The building makeover is the latest in a series of downtown improvement projects that began with the 2010-11 renovation of the former Centre Court Building, now Broadway Commerce Center, at Broadway and Willamette Street. Since then, more than two dozen buildings in the city center have been built or renovated, according to Denny Braud, executive director of Eugene’s planning and development department.

The 36,000-square-foot Willamette Street structure, east of the massive 13th and Olive student apartment complex, is composed of two identical adjacent two-story buildings constructed during the 1940s for Lyons Furniture.

It had been used by Oregon Antique Mall for 25 years until it was emptied and purchased in 2017 for $2 million by a group of investors, including architects John Rowell and Greg Brokaw, downtown espresso shop owner Kaz Oveissi and development consultant Mark Miksis.
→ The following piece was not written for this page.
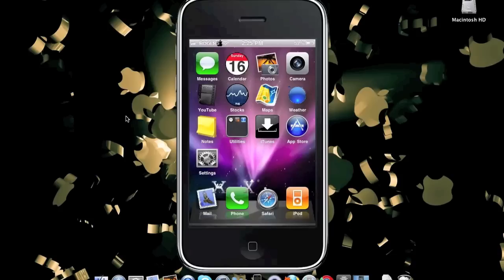Hey guys, what's up? This is going to be my video on the top 5 best Cydia sources for the iPhone, iPod Touch, and iPad, including the iPhone 4, the iPod Touch 4G — basically any device that runs on iOS 4 and above.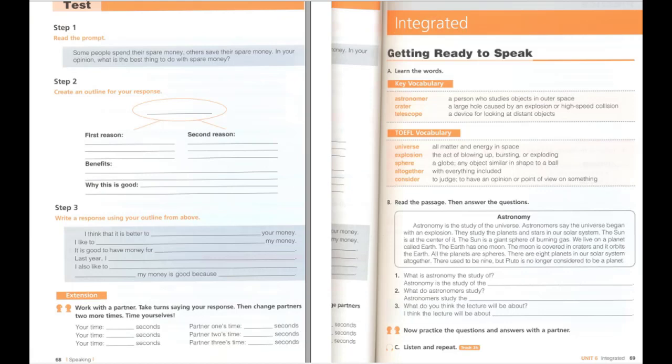Integrated. C. Listen and repeat. Astronomy is the study of the universe. Astronomers study the planets and stars in our solar system. I think the lecture will be about astronomy and our solar system.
After the $4 million, nearly year-long renovation designed by Rowell Brokaw Architects, the structure has been dramatically changed. Its plain, graffiti-marred concrete and metal facade has been replaced with Douglas fir siding, black metal awnings and large windows that roll up like garage doors. A cantilevered roof that was made from Douglas fir boards salvaged in the renovation extends from the roof line.

Inside, false ceilings have been removed to reveal wooden beams.

After years of being covered by carpets, the original Douglas fir floors are being refinished to show their previous beauty.

The building is connected to the high-speed fiber network that was installed by the Eugene Water & Electric Board as part of a city-funded initiative.

The building is almost fully leased, though all of the tenants are in various stages of finishing their spaces and not yet moved in.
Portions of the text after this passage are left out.